Over the wire though it would include more information, like the ordering of where it has/will-be traversed through.
@>'random','gunjs.herokuapp.com','127.0.0.1:8080':7894657#'ASDF'.'hello'>12743921$"world"
What about ACKs?
@'random':7894657#'ASDF'.'hello'>12743921

There is a limited amount of space on a machine, where we assume it is considered ephemeral as a user viewing device.
Such machines are the default requiring no configuration, machines that are permanent nodes can configure caps.
For instance, the browser would be a looping ephemeral device, where the 5mb localStorage gets recycled.
The localhost server of that device would be permanent and not loop, but halt when storage runs out.
By thus virtue of this, clients should be able to throttle (backpressure) their data intake.
The size of primitive values is fundamentally outside our control and left to the developer or multiparting.
If they decide to have a string that exceeds memory or local disk then their app will always fail regardless of multiparting.
However it is our duty to make sure that the rest of the structured data is streamable, including JSON.
Therefore networks and snapshotting should throttle to a size limit specified by the requesting agent.
Resuming these requests will be based soley on a lexical cursor included in the delivery, to avoid remembering state.
The asynchronicity of these lexical cursor could pose potential concurrency issues, and have to be considered ad hoc.
That is to say, if you are dealing with a large data set, you should always subscribe to updates it and never merely "get" it.
For the edge case of the singleton "get", the lexical cursor will progress until it receives the same or no cursor back from the server and terminate.

total over a range of time: {"alice", "bob", "carl", "david", "ed", "fred", "gary", "harry", "ian", "jake", "kim"}
client requests "users" at limit of 30 characters, server replies with (rounded down) {"alice", "bob", "carl"}.

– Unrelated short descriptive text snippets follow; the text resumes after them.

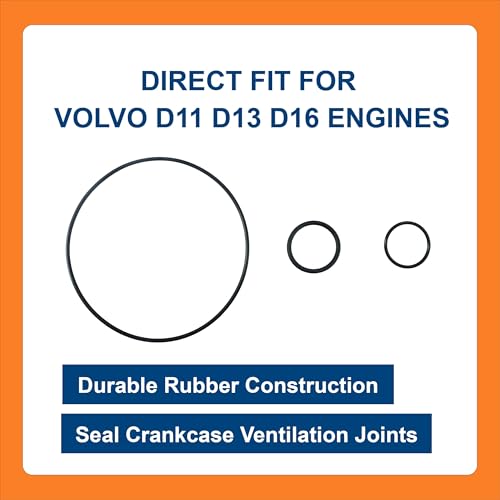 Image of BTS-21976104 O-Ring Set, Crankcase Breather Seal Kit Compatible with Volvo D11 D13 D16 Engines, 1 Set Aftermarket Replacement for OEM 21976104, Kit de O-Ring Separador de Aceite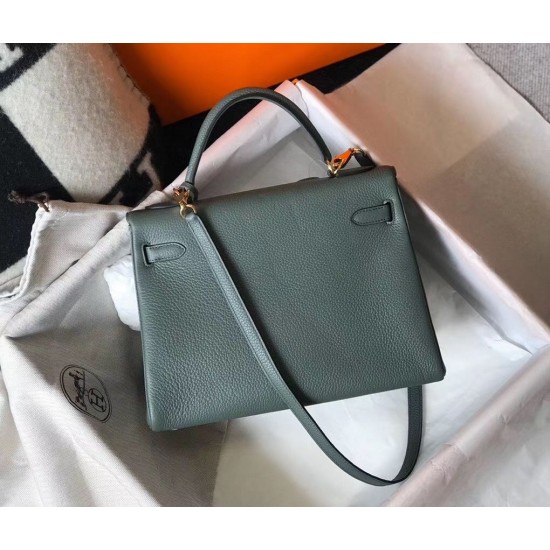 Hermes Kelly 32cm Sellier Bag In Vert Amande Epsom Leather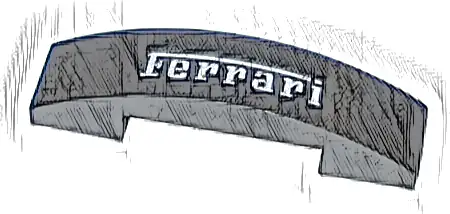 Slope, Curved 4 x 1 x 2/3 Double with White 'Ferrari' Pattern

after a while the client has processed this and goes for the next step, requesting /users?*>=carl&%=30 and {"david", "ed", "fred", "gary"} is returned.
then again /user?*>gary&%=30 with {"harry", "ian", "jake", "kim"} response.
then again /user?*>kim&%=30 with {} response. No subsequent cursor is possible, end.
Note: I do not know yet if the lexical cursor should be open-closed boundary, open-open, closed-closed, or closed-open - decide later.